Pazartesi, Ocak 12

Beşiktaş 87-73 Karşıyaka

Cumartesi etkinliğimiz yine bir basketbol maçı oldu. Yine Akatlar yoluna düştük.
Beşiktaş'ın 100.yıldan beri sıkı takipçisi olan Sertaç ile son 3 haftada ikinci defa aynı salona gittik. Futbolun ara verdiği dönemde basketbol ilaç gibi geliyor. Geçen hafta Ayhan Şahenk'te yaşadığımız sıkıntılar ise Akatlar'da hiç başımıza gelmiyor. Bu da aldığımız keyfi yükseltiyor. Tabi boş tribünleri izlemek de en az o kadar düşürüyor seyir zevkini.

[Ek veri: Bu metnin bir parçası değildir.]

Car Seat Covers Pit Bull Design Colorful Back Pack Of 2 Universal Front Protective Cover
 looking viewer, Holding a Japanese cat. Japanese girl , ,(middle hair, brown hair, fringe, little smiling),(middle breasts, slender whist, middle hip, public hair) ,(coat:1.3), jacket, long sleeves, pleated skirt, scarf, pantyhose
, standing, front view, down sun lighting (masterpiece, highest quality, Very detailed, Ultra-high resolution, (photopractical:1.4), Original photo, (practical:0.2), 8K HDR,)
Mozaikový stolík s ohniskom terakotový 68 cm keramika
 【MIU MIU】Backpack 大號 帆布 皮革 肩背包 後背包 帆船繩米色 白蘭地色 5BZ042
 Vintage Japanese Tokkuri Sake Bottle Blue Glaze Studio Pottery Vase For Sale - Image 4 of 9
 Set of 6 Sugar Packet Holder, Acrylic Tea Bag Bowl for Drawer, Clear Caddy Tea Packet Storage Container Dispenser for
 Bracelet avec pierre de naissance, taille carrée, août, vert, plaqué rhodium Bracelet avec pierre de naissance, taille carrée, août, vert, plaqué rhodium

Beşiktaş geçen hafta mağlup olmasına rağmen son haftalarda oldukça başarılı. Karşıyaka da İstanbul'a 3 maçlık bir seriyle gelmişti. Yavaş yavaş şekillenen ligde ilk 8 için oldukça önemli bir maçtı.
Maça iyi başlayan Karşıyaka oldu. Karşıyaka basketbol takımı denince aklımda canlanan takım yıllardır aynı. Gencecik basketçiler,kaliteli yabancılar ve dışarıdan isabetli şutlar. Karşıyaka yıllardır böyle oynuyor. Arda Vekiloğlu zamanından Mehmet Yağmurlu yıllara kadar aklımda hep öyle yer edindi. Ekol olmak böyle birşey. KSK bir basketbol ekolü demek kesinlikle yanlış olmaz. Bu maça da oldukça isabetli şutlarla başladılar zaten. İlk periyotu iki sayıyla önde kapadılar. Zaman zaman farkı açsalar da devre berabere sonuçlandı. Üstelik ribaundlarda oldukça başarılı olmalarına rağmen. Leon Williams 19 tane çekti mesela.
İki hafta önce Akatlar'da biz oynamıştık. Karşıyaka'dan daha iyi savunma yapmamıza rağmen hücum yetersiz kalınca eksik Beşiktaş'a mağlup olmuştuk. Karşıyaka ikinci yarı kötü savunmaya devam edip , şut yüzdesi Beşiktaş'a geçince ( hatta Baxter'a sadece) maç yavaş yavaş koptu.
Maçın en iyi adamı ve herhalde bu sezonun en istikrarlı Beşiktaşlısı Cevher Özer. 18 sayı 10 ribaund ile oynadı, ama istatistik herşey değil. İyi fiziğini faydalı şekilde kullanabilen yegane Türk baketbolcu, sahada olumlu işler yapıyor, milli takıma göz kırpıyor.
İki köklü takım karşılaşınca insanlar dolu tribün bekliyor. Üstelik deplasman yasağı olmayan bir maça hasretken. Sadece 50 civarındaki Karşıyakalı ve salonun yarısını anca doldurabilen Beşiktaşlı gelmişti. Cansız tribünler vardı. O deplasman yasağını ve tribünleri bitiren zihniyet ise önümüzde vücut bulmuştu. Yanlarında getirdikleri kızlara hava atmak için gereksiz yere Karşıyaka'ya, hakeme, Adem Ören'e küfreden 3-5 kişi. Beşiktaş kelimesinden çok Göztepe diye bağırdılar. Maksat rakip tribünü kızdırmak. Nasıl bir zihniyet anlamak mümkün değil.
Tribünlerdeki en renkli anlar "Deli Murat"ın merdivenlerdeki uçuşuydu. Onun dışında hiçbir numara yoktu. Belki play-offlarda belki gelecek sezon..
Not: Sertaç fotoları attığı zaman bir iki tane ekleme yapacağım buraya, şimdilik resimsiz.